VIII. Creating a graph of connected spaces
I think that a system that creates a graph of spaces as connected areas, with the capacity to also be recursive and create subspaces within spaces, might be a way to tackle this efficiency problem. So using the graph theory type jargon, you could say there are at some given time 3 main spaces, such as A,B,C. And each of them contain some variable number of subspaces, such as A_1, A_2, A_3, B_1, B_2.. And so forth. And then you would have a graph of connections for the spaces which are part of the same `set`. That is, a notation that explains whether A,B,C are connected to each other, but not whether A is connected to B_1. Instead the set or space B contains it's own graph, which explains how they're internally connected, like B_1 - B_2 is a connection, B_1 - B_3 is not a connection, etc.

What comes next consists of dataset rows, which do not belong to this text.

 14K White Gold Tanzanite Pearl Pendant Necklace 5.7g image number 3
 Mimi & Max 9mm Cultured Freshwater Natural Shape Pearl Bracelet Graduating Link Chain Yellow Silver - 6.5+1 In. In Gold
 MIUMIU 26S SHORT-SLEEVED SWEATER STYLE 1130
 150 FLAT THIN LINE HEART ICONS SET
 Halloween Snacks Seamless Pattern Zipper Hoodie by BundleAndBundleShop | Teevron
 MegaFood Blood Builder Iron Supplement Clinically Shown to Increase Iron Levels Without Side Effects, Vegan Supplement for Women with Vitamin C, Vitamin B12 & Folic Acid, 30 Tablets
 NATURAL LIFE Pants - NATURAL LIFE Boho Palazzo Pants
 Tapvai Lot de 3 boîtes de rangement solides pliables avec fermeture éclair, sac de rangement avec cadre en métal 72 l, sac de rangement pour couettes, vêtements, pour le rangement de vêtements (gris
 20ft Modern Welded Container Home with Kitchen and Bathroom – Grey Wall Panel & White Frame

Created an image to try and demonstrate the type of approach I'm trying to envision, and uploaded it to pasteboard:

https://pasteboard.co/J34olQY.png

Example. Graph could encode the connectivity between unions of tiles designated by a vertex
(This is merely one possible approach)
The path in such a graph is not the path literal, but rather a cue that can be used for caching a path or to know where to solve pathfinding queries. It needs to be supplemented with additional information.

For an example, there could be a section of a cavern or a tunnel, designated by `vertex A` neighbouring another area designated by `Vertex B`, and it is resolved that it's possible to move from the area under `A` to area under `B`. The vertices can then be marked as connected. Now if you imagine an embark area, for an example, split to for an example 80 such vertices, and their connectivity is recorded. Then it might be possible to first perform a pathfinding task on the graph itself, to find out a sequence of connected areas, within which the actual path traversed by a dwarf will take place, such as A, B, C, G. There may also be multiple possible sequences of connected vertices starting from and ending with the same pair of vertices. This then, could allow splitting the query into subsegments, which might be cached.

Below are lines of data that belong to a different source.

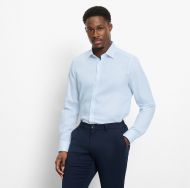 Olymp Level Five sky blue cotton printed stretch slim fit shirt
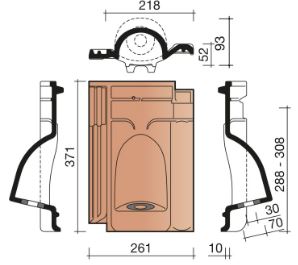 Vhv vario tuile de passage pour tuyau dia 50mm rouge naturel+ 652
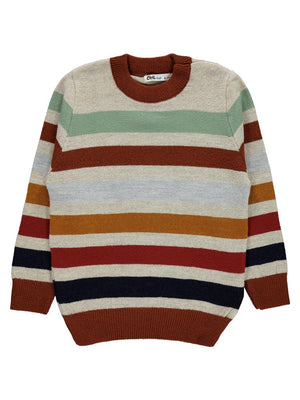 Civil Boys Çizgili 6-9 Yaş Kazak - Turuncu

Recursion and splitting toplevel areas into subsets
An approach which tries to record the cues to possible paths between vertices can also be used inside those vertices, when, under this tentative approach, they're areas of joined tiles. If area `A` is some walkable space of size 60x60, it could be split to further smaller areas, labeled such as `A₁` and `A₂`, which could be places like rooms or multiple rooms. Then the same type of approach is possible using the subsets, e.g. kitchen is connected to living room, living room is connected to hallway, hallway is connected to entrance. I.e. A₁ - A₂ - A₃ - A₄.

Minimum size of subset?
The recursion could be stopped by minimum size, for an example; If the area under A is less than 25 tiles, then no recursion.

Designating transition points (preferably as unions?)
This approach then doesn't actually record the path literals which need to be taken by the dwarves as they travel around. It merely points approximately to which spaces they must go through in order to reach some distant place. To couple the graph with the actual paths, an additional element could be introduced, here called `transition point` which is a tile that is adjacent/connected/walkable to a neighbouring area. E.g. If a kitchen is area A, and there is a door in the kitchen, and outside the kitchen there is hallway, then the tile of the door is a transition point. It is on A, but from it it's possible to step on to area B. This then is paired by another transition point belonging to the neighbouring region, e.g. the tiles in front of the doorway in the hallway. Now if Area B has 2 transition points, the path between them can be cached. E.g. the path literal that needs to be taken to go through B when traveling from A to B to C.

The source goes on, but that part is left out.